YOUR TASK >>
Of all the lines below, return only those starting with the line holding "Salle de réception château de Pierreclos" and going on through the line holding "Quartz crystal skull", exactly as written.

────────

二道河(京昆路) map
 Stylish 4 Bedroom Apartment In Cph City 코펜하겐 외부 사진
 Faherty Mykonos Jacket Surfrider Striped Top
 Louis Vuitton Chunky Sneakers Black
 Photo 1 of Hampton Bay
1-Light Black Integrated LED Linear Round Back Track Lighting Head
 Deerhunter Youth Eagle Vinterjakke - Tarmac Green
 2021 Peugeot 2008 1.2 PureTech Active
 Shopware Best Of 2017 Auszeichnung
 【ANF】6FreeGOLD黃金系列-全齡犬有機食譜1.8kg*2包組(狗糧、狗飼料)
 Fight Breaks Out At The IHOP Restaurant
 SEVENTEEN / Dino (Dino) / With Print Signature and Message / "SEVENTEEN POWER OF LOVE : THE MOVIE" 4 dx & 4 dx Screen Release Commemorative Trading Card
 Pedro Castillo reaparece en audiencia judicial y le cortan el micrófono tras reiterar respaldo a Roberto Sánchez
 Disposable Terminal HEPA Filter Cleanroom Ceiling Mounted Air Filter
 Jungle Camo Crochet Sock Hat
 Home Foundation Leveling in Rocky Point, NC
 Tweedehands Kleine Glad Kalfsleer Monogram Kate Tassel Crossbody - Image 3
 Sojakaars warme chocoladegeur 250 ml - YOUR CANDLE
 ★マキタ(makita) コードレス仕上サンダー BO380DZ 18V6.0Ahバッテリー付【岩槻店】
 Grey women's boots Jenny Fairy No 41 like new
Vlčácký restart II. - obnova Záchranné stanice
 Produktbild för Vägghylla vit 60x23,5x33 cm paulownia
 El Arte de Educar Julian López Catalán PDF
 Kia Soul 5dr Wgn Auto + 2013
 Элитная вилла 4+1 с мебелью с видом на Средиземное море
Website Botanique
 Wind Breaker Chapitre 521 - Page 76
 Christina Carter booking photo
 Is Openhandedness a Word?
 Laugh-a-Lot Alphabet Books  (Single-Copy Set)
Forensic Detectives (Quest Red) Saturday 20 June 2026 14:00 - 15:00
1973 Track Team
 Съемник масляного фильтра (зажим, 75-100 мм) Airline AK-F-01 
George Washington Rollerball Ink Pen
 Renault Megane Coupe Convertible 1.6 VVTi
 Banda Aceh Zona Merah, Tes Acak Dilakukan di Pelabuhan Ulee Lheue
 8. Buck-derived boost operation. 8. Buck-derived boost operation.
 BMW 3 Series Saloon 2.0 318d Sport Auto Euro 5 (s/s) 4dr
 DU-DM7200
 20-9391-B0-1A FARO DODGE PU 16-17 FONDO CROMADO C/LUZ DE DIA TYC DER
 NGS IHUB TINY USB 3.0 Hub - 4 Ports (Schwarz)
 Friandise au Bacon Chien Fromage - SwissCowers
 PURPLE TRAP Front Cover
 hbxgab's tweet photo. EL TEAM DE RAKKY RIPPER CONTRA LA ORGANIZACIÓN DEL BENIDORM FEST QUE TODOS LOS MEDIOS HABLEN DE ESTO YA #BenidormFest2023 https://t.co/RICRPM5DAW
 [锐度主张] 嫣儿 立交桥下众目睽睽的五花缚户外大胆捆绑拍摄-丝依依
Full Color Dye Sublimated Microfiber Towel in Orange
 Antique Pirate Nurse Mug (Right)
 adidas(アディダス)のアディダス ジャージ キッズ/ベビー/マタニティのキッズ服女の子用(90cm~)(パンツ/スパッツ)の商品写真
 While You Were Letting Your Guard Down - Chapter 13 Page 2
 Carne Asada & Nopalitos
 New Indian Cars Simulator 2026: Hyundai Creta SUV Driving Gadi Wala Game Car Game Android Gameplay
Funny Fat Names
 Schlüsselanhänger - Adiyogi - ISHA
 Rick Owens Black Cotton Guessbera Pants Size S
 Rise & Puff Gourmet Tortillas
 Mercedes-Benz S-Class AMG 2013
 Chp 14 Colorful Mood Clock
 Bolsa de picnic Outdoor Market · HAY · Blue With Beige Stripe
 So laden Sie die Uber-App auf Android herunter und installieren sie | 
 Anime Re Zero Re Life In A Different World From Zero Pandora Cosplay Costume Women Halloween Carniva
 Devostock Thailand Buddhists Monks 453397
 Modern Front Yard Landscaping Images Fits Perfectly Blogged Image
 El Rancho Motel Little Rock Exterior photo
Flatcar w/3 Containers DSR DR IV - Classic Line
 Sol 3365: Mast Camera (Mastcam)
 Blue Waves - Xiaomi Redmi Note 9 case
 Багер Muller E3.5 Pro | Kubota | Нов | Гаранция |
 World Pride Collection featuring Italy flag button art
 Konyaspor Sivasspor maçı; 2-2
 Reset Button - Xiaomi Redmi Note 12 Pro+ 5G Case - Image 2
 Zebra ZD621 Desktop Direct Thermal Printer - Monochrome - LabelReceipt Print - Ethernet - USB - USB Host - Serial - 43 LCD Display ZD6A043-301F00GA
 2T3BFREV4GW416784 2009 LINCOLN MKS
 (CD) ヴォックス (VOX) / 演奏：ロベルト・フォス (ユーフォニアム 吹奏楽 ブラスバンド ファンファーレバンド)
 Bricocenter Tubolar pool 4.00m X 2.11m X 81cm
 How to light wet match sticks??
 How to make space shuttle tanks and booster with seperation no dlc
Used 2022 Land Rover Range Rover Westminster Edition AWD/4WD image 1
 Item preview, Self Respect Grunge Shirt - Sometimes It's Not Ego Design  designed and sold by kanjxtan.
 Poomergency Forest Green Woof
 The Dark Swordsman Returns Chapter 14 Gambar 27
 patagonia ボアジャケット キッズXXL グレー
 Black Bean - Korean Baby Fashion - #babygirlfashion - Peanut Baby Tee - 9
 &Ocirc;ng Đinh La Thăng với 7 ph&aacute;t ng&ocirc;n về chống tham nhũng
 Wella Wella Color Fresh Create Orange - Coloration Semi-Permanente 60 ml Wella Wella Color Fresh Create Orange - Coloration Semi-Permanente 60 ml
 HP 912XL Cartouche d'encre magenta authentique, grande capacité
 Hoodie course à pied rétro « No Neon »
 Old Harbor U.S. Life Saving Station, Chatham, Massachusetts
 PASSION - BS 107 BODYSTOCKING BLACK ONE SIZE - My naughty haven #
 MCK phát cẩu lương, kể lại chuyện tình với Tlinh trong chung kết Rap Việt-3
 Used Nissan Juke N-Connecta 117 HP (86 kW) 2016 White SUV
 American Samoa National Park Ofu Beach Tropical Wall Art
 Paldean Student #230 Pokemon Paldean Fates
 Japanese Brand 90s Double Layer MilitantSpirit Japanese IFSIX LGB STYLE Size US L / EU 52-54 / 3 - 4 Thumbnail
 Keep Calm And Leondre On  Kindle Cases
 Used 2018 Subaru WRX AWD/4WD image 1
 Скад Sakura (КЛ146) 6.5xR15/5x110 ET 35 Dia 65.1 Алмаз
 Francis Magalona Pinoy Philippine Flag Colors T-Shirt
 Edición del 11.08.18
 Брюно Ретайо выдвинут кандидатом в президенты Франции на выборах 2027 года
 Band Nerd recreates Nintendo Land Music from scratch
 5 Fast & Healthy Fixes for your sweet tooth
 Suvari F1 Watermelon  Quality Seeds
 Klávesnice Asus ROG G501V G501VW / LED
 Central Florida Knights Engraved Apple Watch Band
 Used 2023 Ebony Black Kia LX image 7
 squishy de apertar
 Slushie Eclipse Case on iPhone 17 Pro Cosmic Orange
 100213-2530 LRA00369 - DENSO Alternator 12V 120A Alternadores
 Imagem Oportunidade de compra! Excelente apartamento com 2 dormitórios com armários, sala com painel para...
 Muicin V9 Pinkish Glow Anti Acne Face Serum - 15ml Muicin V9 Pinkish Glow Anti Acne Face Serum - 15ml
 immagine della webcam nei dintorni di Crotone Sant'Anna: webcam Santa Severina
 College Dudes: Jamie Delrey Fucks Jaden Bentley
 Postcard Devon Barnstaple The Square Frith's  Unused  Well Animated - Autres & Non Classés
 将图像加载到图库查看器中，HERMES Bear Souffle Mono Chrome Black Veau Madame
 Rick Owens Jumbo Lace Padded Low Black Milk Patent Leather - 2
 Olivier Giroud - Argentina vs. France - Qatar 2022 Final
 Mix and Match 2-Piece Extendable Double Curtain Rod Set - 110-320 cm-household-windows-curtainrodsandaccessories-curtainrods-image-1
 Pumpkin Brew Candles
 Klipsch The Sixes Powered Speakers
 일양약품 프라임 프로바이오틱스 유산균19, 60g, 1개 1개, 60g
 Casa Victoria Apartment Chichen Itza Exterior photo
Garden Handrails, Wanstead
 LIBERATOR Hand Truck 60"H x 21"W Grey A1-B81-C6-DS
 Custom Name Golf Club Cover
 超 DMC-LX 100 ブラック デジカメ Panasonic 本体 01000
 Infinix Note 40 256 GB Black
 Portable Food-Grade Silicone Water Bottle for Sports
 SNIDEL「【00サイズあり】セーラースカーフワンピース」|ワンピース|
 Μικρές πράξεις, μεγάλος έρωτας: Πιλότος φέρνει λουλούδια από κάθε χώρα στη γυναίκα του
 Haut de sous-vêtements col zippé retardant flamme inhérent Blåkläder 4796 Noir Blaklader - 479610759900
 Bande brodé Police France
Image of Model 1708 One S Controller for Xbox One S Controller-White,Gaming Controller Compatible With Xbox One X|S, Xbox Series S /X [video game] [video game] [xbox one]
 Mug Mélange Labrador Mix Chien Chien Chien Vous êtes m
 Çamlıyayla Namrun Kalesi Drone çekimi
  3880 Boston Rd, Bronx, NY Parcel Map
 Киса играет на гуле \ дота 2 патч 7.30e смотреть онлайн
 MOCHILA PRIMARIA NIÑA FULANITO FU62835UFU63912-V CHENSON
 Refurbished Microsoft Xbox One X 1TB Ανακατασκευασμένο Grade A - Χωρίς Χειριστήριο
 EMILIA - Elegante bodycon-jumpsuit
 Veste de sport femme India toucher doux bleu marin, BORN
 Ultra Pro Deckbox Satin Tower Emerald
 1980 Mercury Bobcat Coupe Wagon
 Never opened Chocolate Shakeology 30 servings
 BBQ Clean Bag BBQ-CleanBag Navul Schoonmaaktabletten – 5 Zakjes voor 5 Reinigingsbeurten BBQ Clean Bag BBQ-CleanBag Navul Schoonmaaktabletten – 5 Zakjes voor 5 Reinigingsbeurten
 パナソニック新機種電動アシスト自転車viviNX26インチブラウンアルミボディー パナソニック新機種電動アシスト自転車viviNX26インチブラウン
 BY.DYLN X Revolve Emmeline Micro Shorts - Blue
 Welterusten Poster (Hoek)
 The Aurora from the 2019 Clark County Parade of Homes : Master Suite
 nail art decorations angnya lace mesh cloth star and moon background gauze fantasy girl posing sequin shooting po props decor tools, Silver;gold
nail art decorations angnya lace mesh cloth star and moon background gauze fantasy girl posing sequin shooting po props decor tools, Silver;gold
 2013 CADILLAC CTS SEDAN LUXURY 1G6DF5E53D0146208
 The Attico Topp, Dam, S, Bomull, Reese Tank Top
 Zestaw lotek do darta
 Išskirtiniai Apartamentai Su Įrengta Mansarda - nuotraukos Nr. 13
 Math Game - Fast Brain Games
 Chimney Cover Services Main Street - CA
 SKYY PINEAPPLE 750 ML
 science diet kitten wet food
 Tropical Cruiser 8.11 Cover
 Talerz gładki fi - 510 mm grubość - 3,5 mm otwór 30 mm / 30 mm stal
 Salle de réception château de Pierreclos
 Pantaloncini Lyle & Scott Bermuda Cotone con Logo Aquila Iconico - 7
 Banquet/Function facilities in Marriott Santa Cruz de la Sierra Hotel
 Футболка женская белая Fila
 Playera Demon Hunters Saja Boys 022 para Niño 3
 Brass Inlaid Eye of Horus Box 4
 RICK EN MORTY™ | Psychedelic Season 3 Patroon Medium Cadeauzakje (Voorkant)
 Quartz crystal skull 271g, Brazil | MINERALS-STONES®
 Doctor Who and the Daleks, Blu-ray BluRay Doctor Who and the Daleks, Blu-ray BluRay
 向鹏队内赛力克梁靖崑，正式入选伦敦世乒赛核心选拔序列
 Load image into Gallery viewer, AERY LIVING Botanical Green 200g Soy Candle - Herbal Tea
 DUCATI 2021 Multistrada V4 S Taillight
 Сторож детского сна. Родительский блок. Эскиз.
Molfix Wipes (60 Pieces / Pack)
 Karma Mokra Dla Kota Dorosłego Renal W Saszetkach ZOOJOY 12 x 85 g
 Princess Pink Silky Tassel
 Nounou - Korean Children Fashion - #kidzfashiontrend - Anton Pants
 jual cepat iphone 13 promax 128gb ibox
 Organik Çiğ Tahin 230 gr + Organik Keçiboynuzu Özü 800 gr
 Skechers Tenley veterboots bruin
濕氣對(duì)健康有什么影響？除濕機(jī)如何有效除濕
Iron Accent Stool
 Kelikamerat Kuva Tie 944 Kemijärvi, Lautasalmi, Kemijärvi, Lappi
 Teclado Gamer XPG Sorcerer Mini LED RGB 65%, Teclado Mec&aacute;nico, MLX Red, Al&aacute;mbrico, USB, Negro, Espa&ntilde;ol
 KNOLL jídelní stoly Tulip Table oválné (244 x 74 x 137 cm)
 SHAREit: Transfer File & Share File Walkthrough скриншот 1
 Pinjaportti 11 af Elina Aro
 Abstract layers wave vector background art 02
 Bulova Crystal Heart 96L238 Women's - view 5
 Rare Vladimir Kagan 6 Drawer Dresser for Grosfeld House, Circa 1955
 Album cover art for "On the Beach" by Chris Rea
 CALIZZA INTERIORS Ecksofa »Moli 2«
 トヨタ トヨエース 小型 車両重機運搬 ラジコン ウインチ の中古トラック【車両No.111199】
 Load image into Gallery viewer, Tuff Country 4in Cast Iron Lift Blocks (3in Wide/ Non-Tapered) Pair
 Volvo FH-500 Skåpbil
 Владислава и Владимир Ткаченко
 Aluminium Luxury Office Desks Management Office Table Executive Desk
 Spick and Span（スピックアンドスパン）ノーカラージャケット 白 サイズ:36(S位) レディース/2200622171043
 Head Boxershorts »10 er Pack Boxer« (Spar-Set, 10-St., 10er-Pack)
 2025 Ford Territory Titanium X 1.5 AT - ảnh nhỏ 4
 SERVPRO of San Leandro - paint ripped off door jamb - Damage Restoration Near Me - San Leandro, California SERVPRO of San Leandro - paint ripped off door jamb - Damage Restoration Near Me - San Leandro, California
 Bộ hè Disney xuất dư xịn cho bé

────────

WRITTEN ANSWER >>
 Salle de réception château de Pierreclos
 Pantaloncini Lyle & Scott Bermuda Cotone con Logo Aquila Iconico - 7
 Banquet/Function facilities in Marriott Santa Cruz de la Sierra Hotel
 Футболка женская белая Fila
 Playera Demon Hunters Saja Boys 022 para Niño 3
 Brass Inlaid Eye of Horus Box 4
 RICK EN MORTY™ | Psychedelic Season 3 Patroon Medium Cadeauzakje (Voorkant)
 Quartz crystal skull 271g, Brazil | MINERALS-STONES®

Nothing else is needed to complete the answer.